_Description of the task_:
Exact copy required. Repeat the records, but keep the pictures out.

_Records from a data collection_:
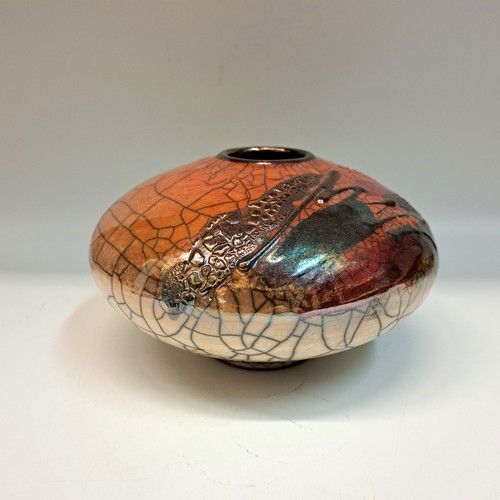 #231038 Raku, 3xFired 3.5x5.75 $32 at Hunter Wolff Gallery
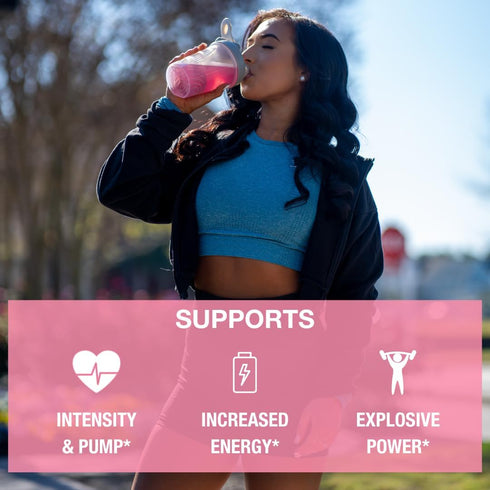 Honey Badger Pre Workout Powder - Keto Vegan Preworkout for Men & Women with Vitamin C, Beta Alanine, Caffeine, Pink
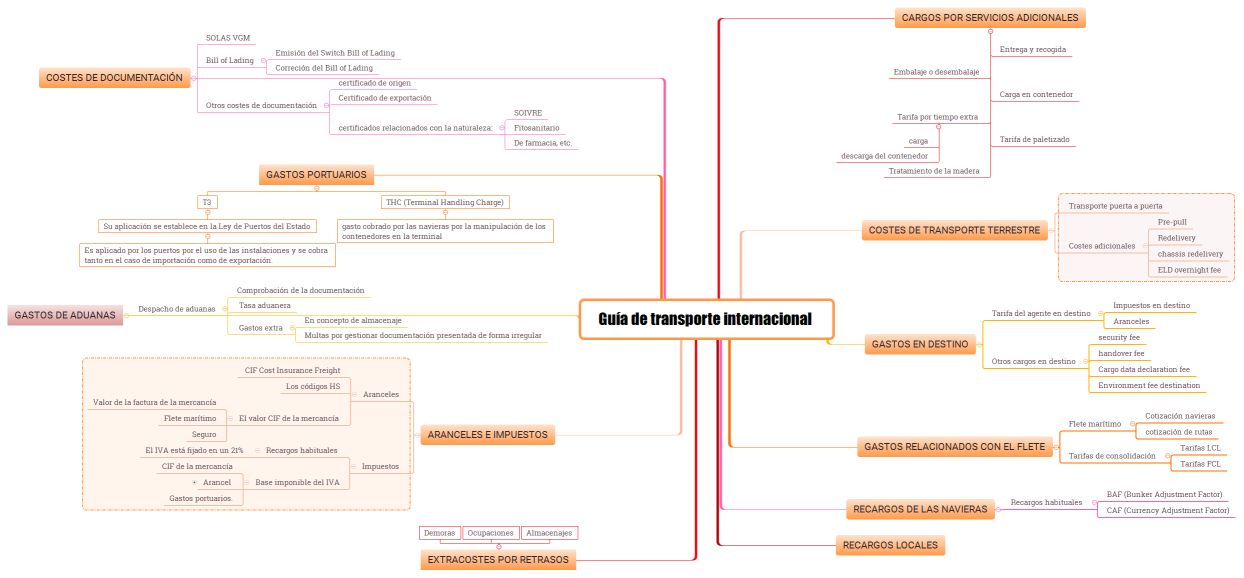 Guía de transporte internacional 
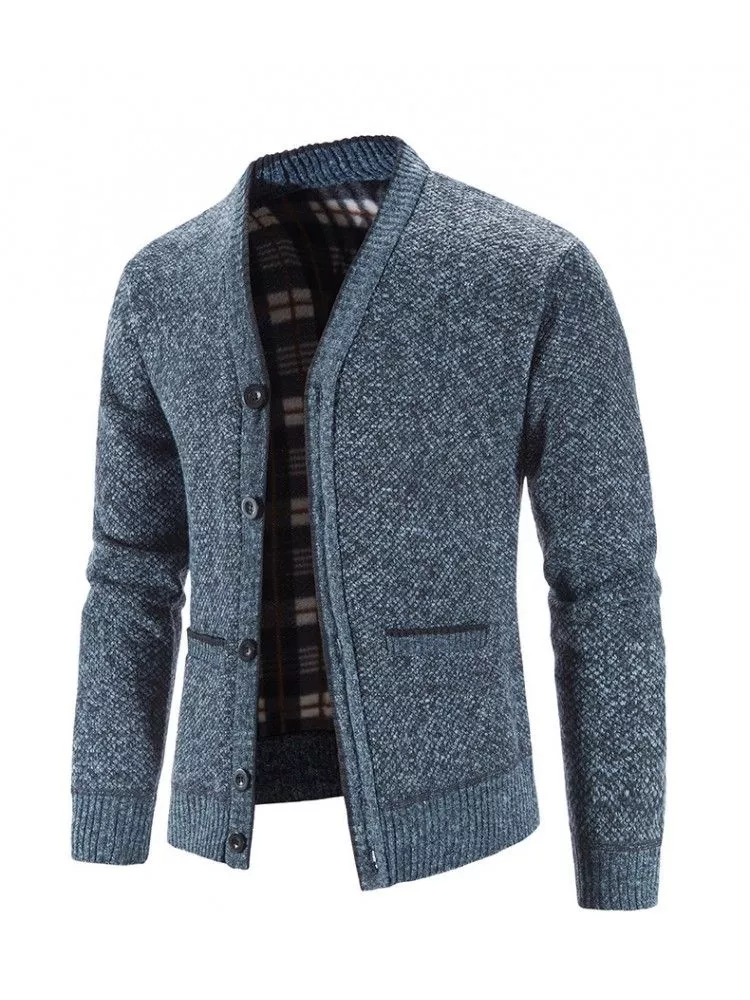 Cardigan Maglione Blu Uomo Lana Giacca Uomo Lana Cotta Maglione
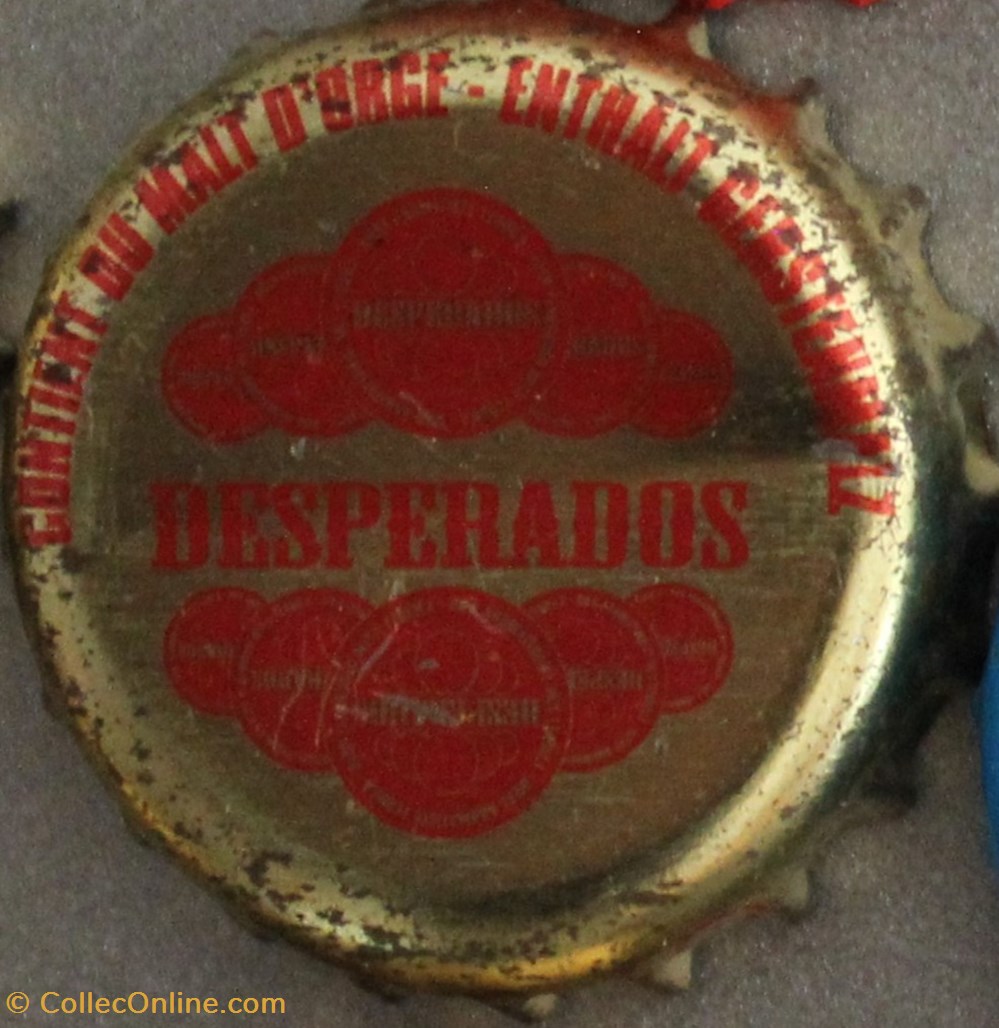 capsules muselets biere france desperados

_Solution to this exercise_:
 #231038 Raku, 3xFired 3.5x5.75 $32 at Hunter Wolff Gallery
 Honey Badger Pre Workout Powder - Keto Vegan Preworkout for Men & Women with Vitamin C, Beta Alanine, Caffeine, Pink
 Guía de transporte internacional 
 Cardigan Maglione Blu Uomo Lana Giacca Uomo Lana Cotta Maglione
 capsules muselets biere france desperados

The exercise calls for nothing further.